WORK REQUEST:
Repeat exactly the stretch of lines that starts with the one containing "Yüzmek için gözlük" and ends with the last line of the material. Leave out pictures.

MATERIAL PROVIDED:

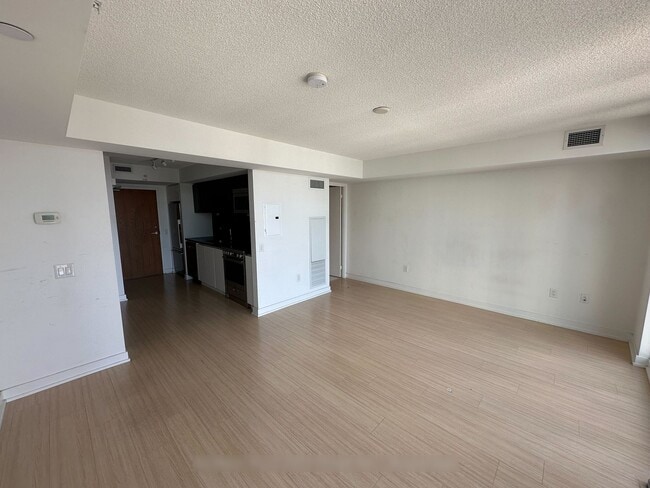 Photo - 85-1285 Queens Wharf Rd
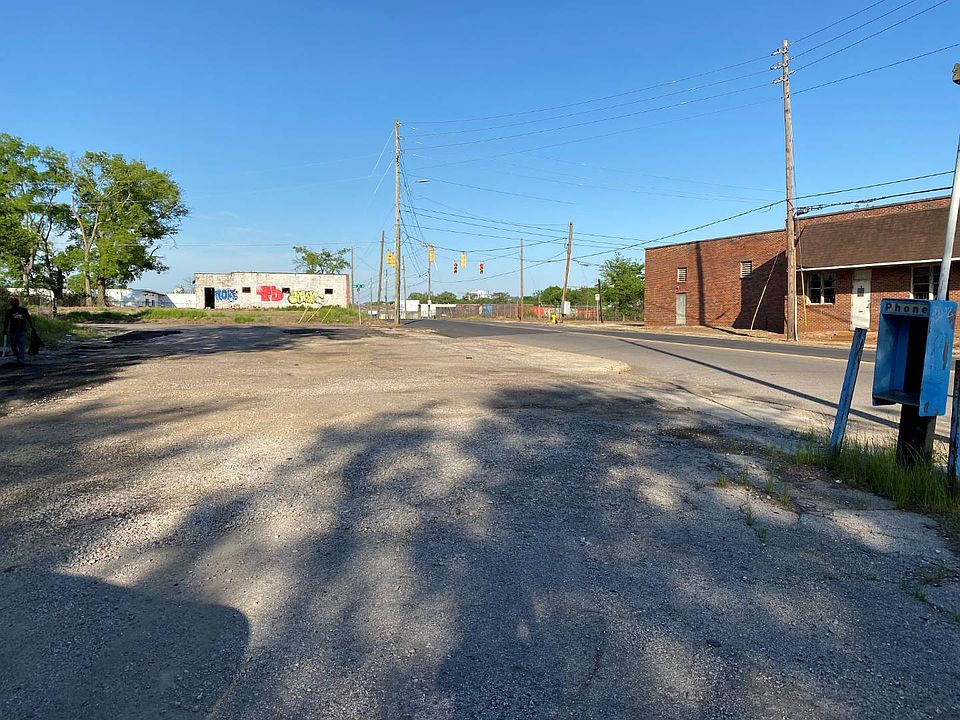 2nd image of 400 1st Ave N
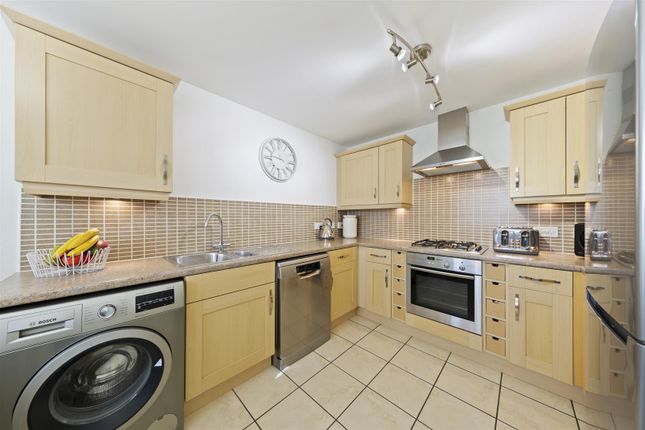 14, Blackbridge Court, Thrapston photo 4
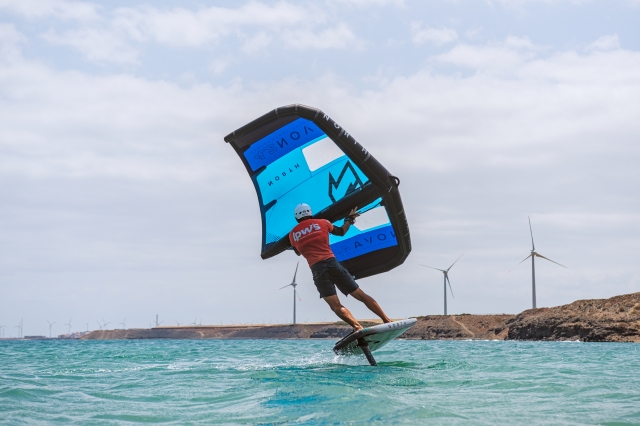 Windsurf en playa de pozo izquierdo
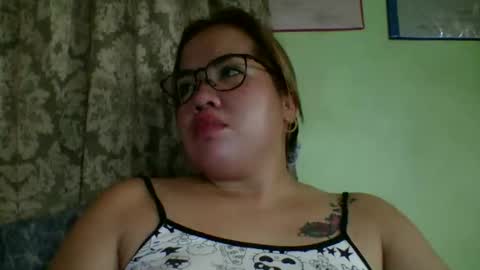 Snapshot of small_boobs59 chatting on 05/13/26, 04:32 Lovewella online show from 05/13/26, 04:32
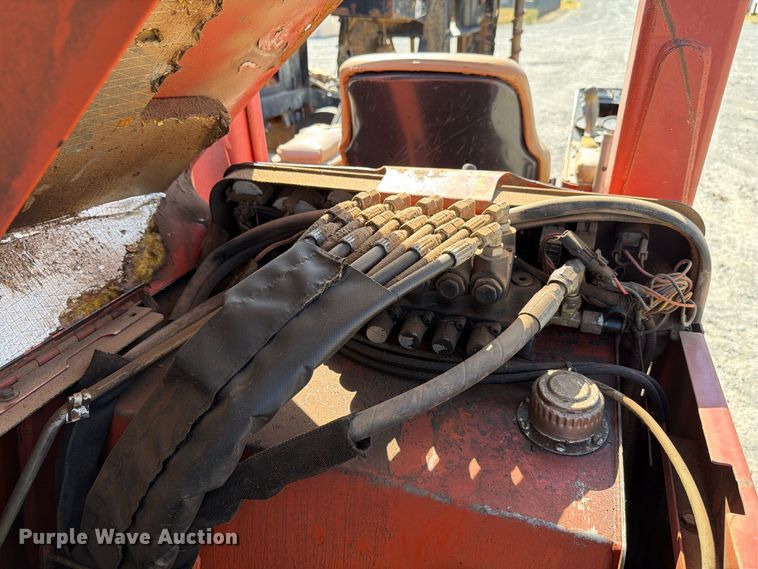 image for item EW8817 2012 Ditch Witch JT4020 Mach1 directional boring unit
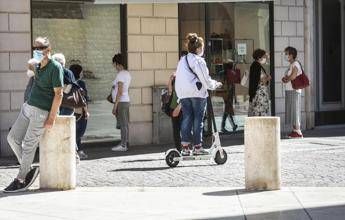 Covid, Pregliasco: No a trucchi abbassa-febbre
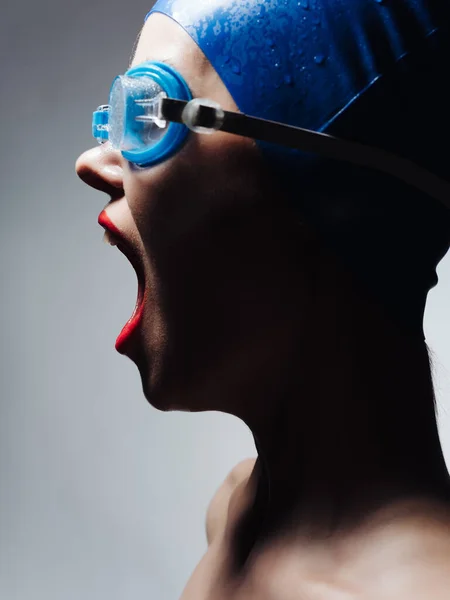 Yüzmek için gözlük takan kırmızı dudaklı kadın yakın plan poz veriyor. — Stok fotoğraf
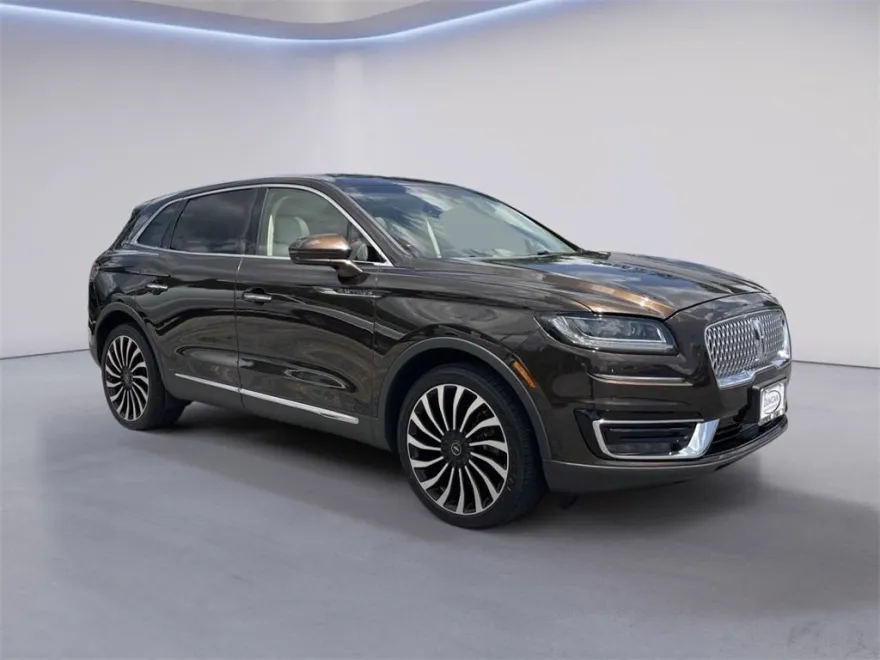 2019 Lincoln Nautilus Black Label photo 1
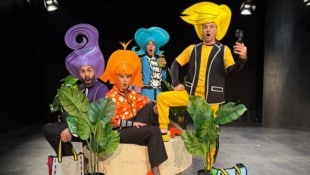 Therapiestunde und Yoga-Retreat: Die vier Schauspieler begeben sich in die über- zeichnete ...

SOLVED EXERCISE:
 Yüzmek için gözlük takan kırmızı dudaklı kadın yakın plan poz veriyor. — Stok fotoğraf
 2019 Lincoln Nautilus Black Label photo 1
 Therapiestunde und Yoga-Retreat: Die vier Schauspieler begeben sich in die über- zeichnete ...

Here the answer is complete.